Giter Club home page Giter Club logo

crc32-vpmsum's Introduction

crc32-vpmsum

A set of examples for accelerating CRC32 calculations using the vector polynomial multiply sum (vpmsum) instructions introduced in POWER8. These instructions implement byte, halfword, word and doubleword carryless multiply/add.

Performance

An implementation of slice-by-8, one of the fastest lookup table methods is included so we can compare performance against it. Testing 5000000 iterations of a CRC of 32 kB of data (to keep it L1 cache contained):

# time slice_by_8_bench 32768 5000000
122.220 seconds

# time crc32_bench 32768 5000000
2.937 seconds

The vpmsum accelerated CRC is just over 41x faster.

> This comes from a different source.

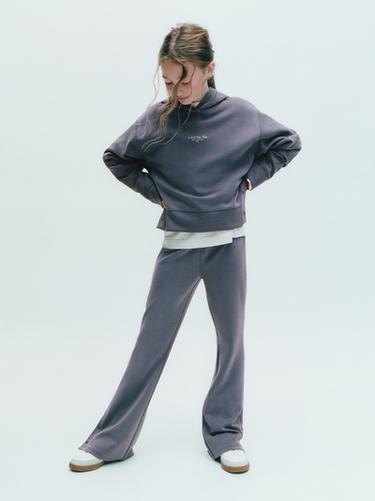 LEGGINGS FLARE BOTONES - Gris de Zara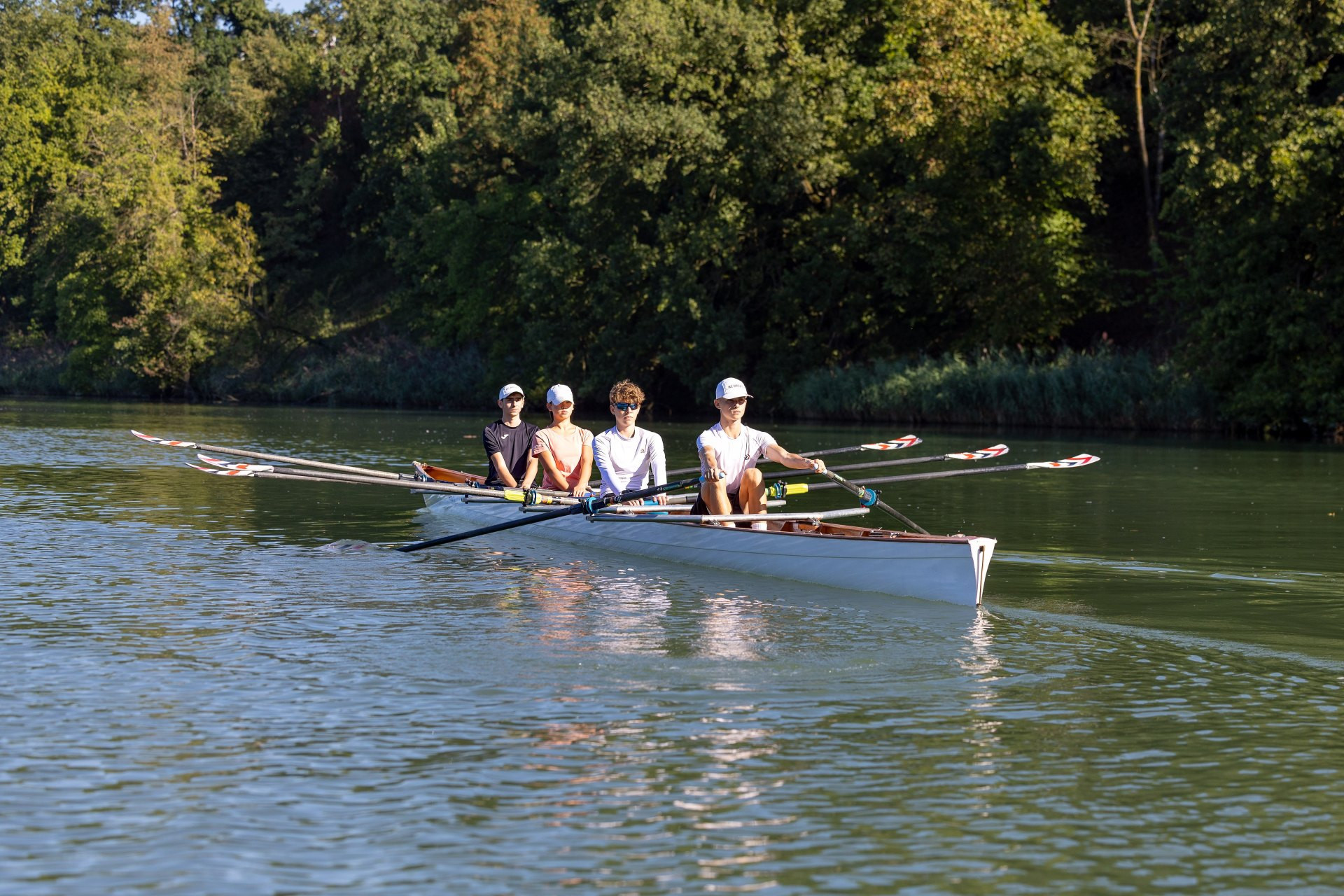 Aviron: Faire glisser tous ensemble le bateau avec stabilité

This test was run on a 4.1 GHz POWER8, so the algorithm sustains about 52 GiB/sec or 13.6 bytes/cycle. The theoretical limit is 16 bytes/cycle since we can execute a maximum of one vpmsum instruction per cycle.

In another test, a version was added to the kernel and btrfs write performance was shown to be 3.8x faster. The test was done to a ramdisk to mitigate any I/O induced variability.

Quick start

There's two different versions of crc32. They are, basically, the same algorithm. The only difference is that one is implemented in pure assembly (crc32.S) and the other in C using gcc (power8) vector intrinsics and builtins (vec_crc32.c) to make the compiler generate the asm instructions instead.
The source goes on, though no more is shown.